Nim Problem

I saw a problem today: You are playing the following Nim Game with your friend:

Initially, there is a heap of stones on the table. You and your friend will alternate taking turns, and you go first. On each turn, the person whose turn it is will remove 1 to 3 stones from the heap. The one who removes the last stone is the winner. Given n, the number of stones in the heap, return true if you can win the game assuming both you and your friend play optimally, otherwise return false.

The solution is quite easy : n%4 == 0, you lose no matter what you do, otherwise you win.

Why?

Consider A and B, A is you and B is your friend. n is the number of stones in the heap. And WLOG, A starts first.

For n = 1,2,3, you win.

For n = 4, these are the possible outcomes:

  1. You remove 1 stone. Your friend removes 3 stones, including the last stone. Your friend wins.

  2. You remove 2 stones. Your friend removes 2 stones, including the last stone. Your friend wins.

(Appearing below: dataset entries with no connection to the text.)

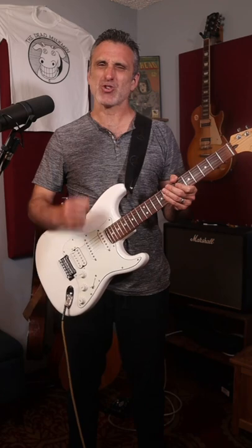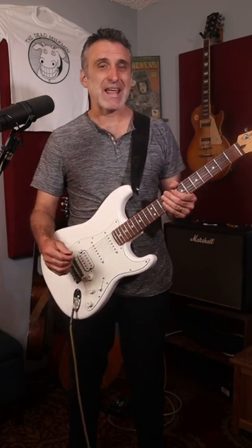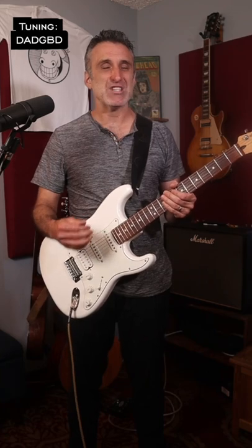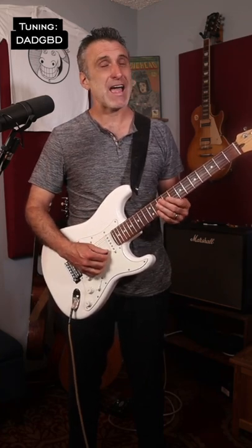But anyway, my absolute favorite, most rockin' guitar riff of his comes from Cinnamon Girl. In order to play it, you need to do a double drop D tuning, which means you're gonna tune your low E down to a D, and you're gonna tune your high E down to a D.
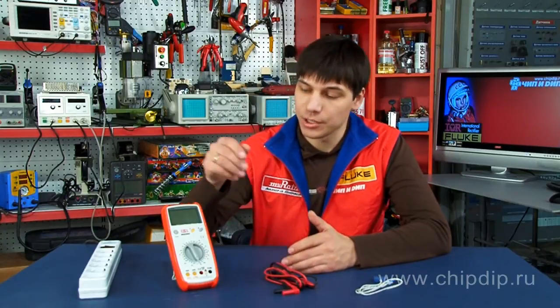The digital multimeter model MASTEC MS8200G is a device designed to measure DC and AC voltage, current, resistance, capacitor capacity, frequency, and temperature in a wide measuring range. With the help of this instrument you can also test diodes and circuits for continuity.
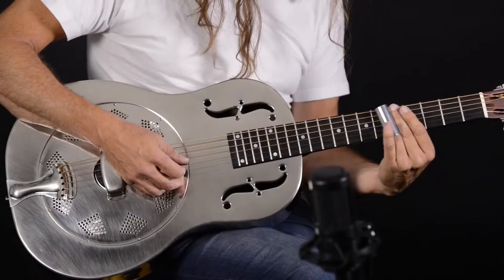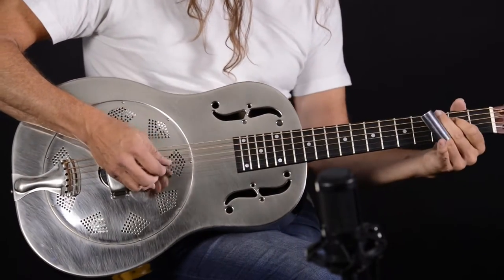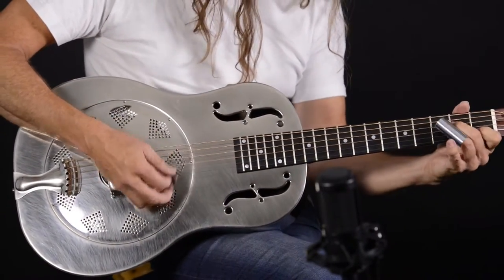Hi, I'm Drew Howard and with me is a National NRP 12 fret round neck resonator guitar. It's a classic blues machine by National. They've been making these guitars since the 30s and it sounds as good as it looks. It's sporting a nickel plated distressed finish for that classic vintage look. So let's listen to it.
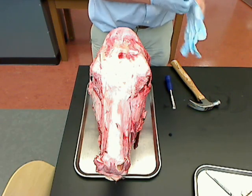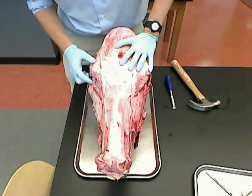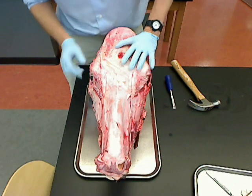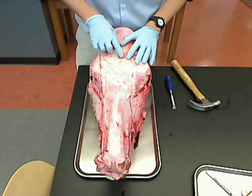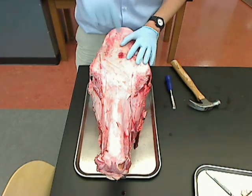This cow's head was recently gotten from a slaughterhouse. You can see it still has its eyes intact, which we'll try and dissect out in a little while. You can also see where the bolt — that I was talking about in class earlier — where that went in.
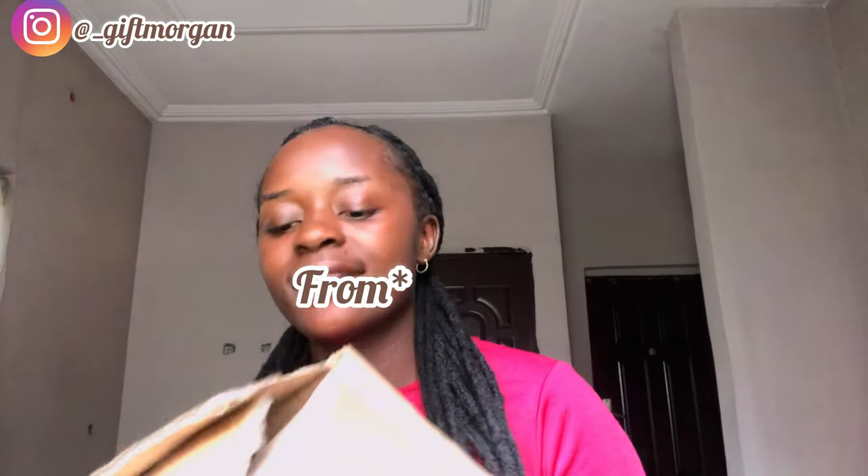Thank you so much to my new subscribers — I was literally getting subscribers back and forth. My name is Gibbs and I'm from Port Harcourt, Nigeria. So quick one: I just want to unbox this, well not really unbox because I've already opened it before.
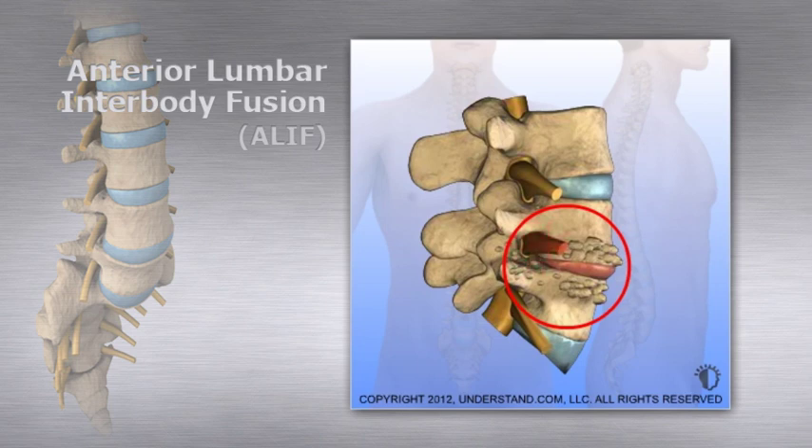The removed disc portion is replaced with implanted bone grafting materials and adjacent vertebral bodies are fused to provide support.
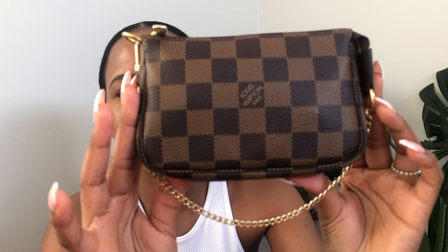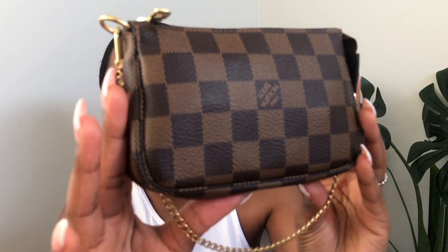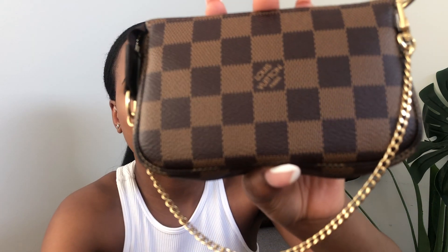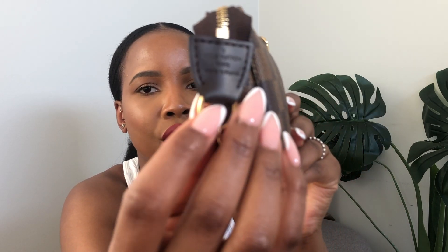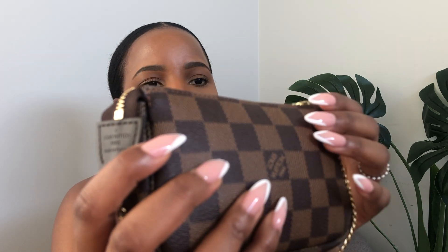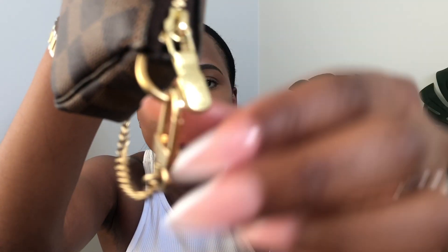Louis Vuitton describes the Mini Pochette as a stylish way of carrying your essentials, and I absolutely agree — it's just a classic design. As you can see it has that rounded shape, the canvas leather, and nice gold hardware — a true gold that I love. It also has "Louis Vuitton" engraved right there, as well as on the zip and the D-ring. You do have the option of hot stamping it, but they didn't recommend it to me when I tried — they said it might damage it.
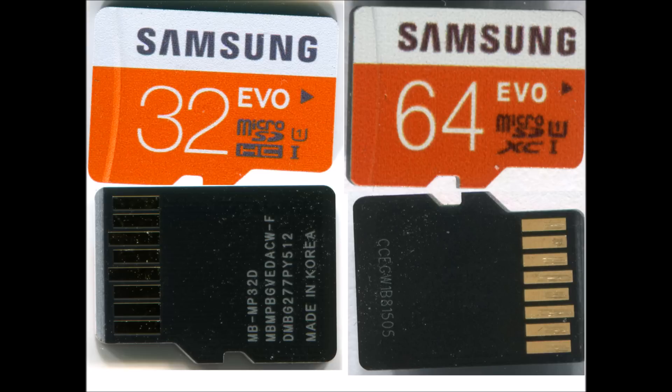Its capacity, although mentioned as 64 GB, it has only about 8 GB, but you can't deposit any data because the data is getting corrupted. It has been programmed to show as 64 GB on the computer, but it doesn't have that capacity.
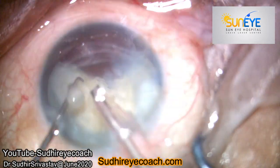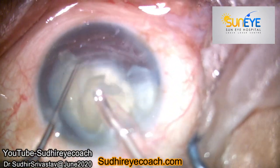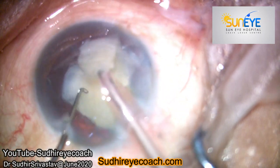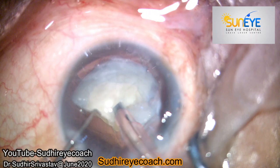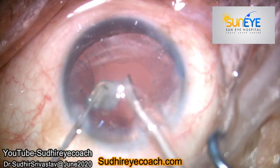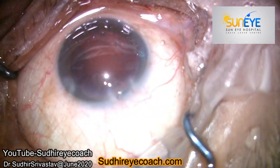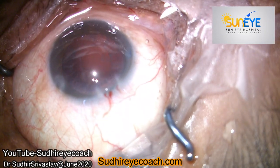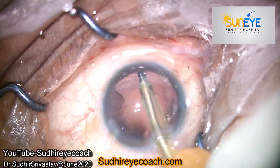I always try to engage the nucleus with my blunt chopper and press it back towards the capsule, and then I try to bury my phaco tip into the substance of the nucleus. With the vertical chop technique I divided the nucleus into several pieces, and without any problem I finished my phaco fragmentation.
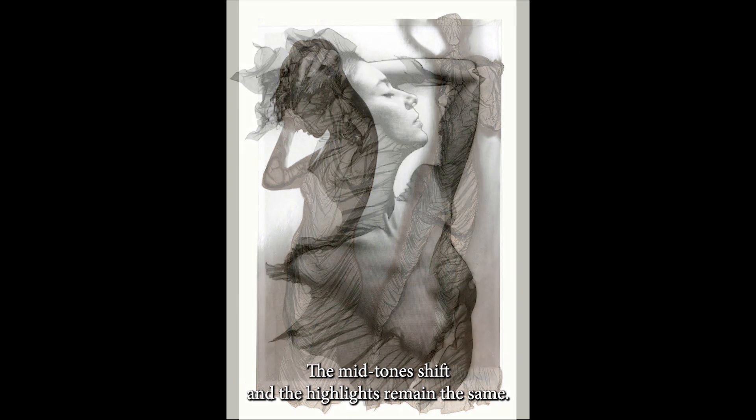He never actually worked from negatives. In his process, he would remove all the emulsion in the shadow areas. So in mordonsage, the shadows lift through this acid etch process, the mid-tones shift, and the highlights remain the same.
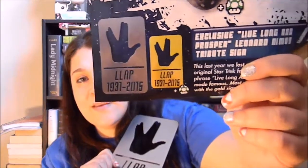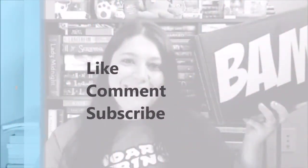Guys, that was my BAM box. I'm going to continue to get this box — I am always blown away with this box. Last month the batarang? Come on. I still don't do anything with it but it's cool to have. Anyway guys, if you like this video please comment down below. Tell me what your favorite thing in the box was. Tell me if you like the BAM box or if you're thinking about getting it. Like this video, comment, and subscribe. Thanks guys, bye!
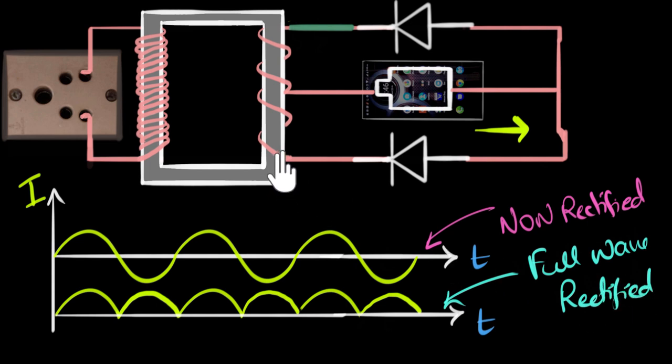One last technical detail: the transformer used here is a special one. Usual transformers only have two output wires, but now we have three — there's an additional one taken from the center. Such transformers are called center tap transformers. So if you want to build a full-wave rectifier with just two diodes, you have to use this special kind of center tap transformer.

  3. You remove 3 stones. Your friend removes the last stone. Your friend wins.

In all outcomes, your friend wins.

For n = 5,6,7; since 5 - 1 == 6 - 2 == 7 - 3 == 4, you can leave 4 to B. Based on our former proof, B loses, you win.

For n = 8, you can only get 8 - 1 = 7, 8 - 2 = 6, 8 - 3 = 5, which is giving the winning situation to B, based on our former proof.

For $\forall$ n, if n % 4 $\in$ {1,2,3}, you can win by giving B n s.t. n % 4 == 0; since B can only retrieve 1 to 3 stones, so next

time you still get n % 4 $\in$ {1,2,3}, then conduct the whole strategy recurrsively.

For n % 4 == 0, B can conduct the strategy to win.